Polwechsel were among the first groups of this multifaceted music scene to establish aesthetic strategies and performance practices that were soon recognised as a radical form of ›reductionism‹: a paring down of the habitual musical linguisticality in favour of a microscopic exploration of singular musical events; a deceleration and deautomation of musical processes in favour of immersive listening; an eschewing of the dramaturgy of musical forms in favour of focussing attention on the fleeting presence and physical materiality of sound; an awareness of the flip-side of sound, of background noises, silence, disruptions in sound production and musical articulation. The music seemed to rebel against the information we are being flooded with through the current modes of social communication just as it invited the listener to discover a whole world in the neglected, imperfect, confusing detail – an ordinary world perhaps or even a counterworld, but certainly not a refuge.
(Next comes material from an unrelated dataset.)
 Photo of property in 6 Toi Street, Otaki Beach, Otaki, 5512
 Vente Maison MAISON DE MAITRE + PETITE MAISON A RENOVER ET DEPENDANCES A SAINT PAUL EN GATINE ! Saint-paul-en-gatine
Perhaps the minimal, measured gesture that produced this music also took a sceptical look at the creative enthusiasm and innovative drive which had come to dominate the post-Fordist working practices.
The reductionism of the time was a school of perception that linked the protagonists of Vienna’s experimental music scene to Berlin Echtzeitmusik, Japanese Onkyo and New London Silence. It still serves as a common horizon of that generation of musicians, but belongs to the past. As Michael Moser said about the work at that time, »To reduce further would mean to stop playing«, that is, to become silent. The situation thus called for pushing the music into another direction. Polwechsel’s changes of direction and perspective have also been reflected in the different instrumentations and collaborations, for instance with the laptop musician Christian Fennesz on Wrapped Islands (2002). The current line-up – since Archives of the North (2006) –includes the two percussionists Burkhard Beins and Martin Brandlmayr, who bring a wide range of musical experiences between experimental rock and electro-acoustic improvisation to the group. Meanwhile, the ensemble has begun to introduce musical aspects that either were not included initially or only included to a small extent, such as tonal relationships, harmony, rhythm, but also questions of form, musical space and, consequently, expressivity. Thus in the light of the experiences gained through ›reduction‹ a reconsideration of the whole array of the musical means of expression has begun. But what is most noticeable is the difference in the individual approaches, something already laid out in the group’s beginnings that is now increasingly splitting up into a broad spectrum of musical concepts.
POLWECHSEL – Kein Gleichstrom mit der Masse
Of all music, it was difficult to foresee that free improvisation, traditionally the music of abundance––indeed even of excess––could become the main setting for reductive strategies. After all, historical ensembles such as Gruppo di Improvvisazione Nuova Consonanza and AMM, both products of the sixties’ (counter) culture, had already demonstrated the aesthetic fruitfulness of reductive approaches to real-time music, decades earlier. But they remained secondary voices in the concerto of improvisational emancipation, drowned out by high-powered, vociferous free jazz. In the nineties, however, two things came together in improvised music: a rediscovery of those ignored voices; and an intense, renewed reception of contemporary composed music’s soundworld—in particular, the reductive approaches of Morton Feldman and Giacinto Scelsi, but also the rich noise-world of Helmut Lachenmann’s scores.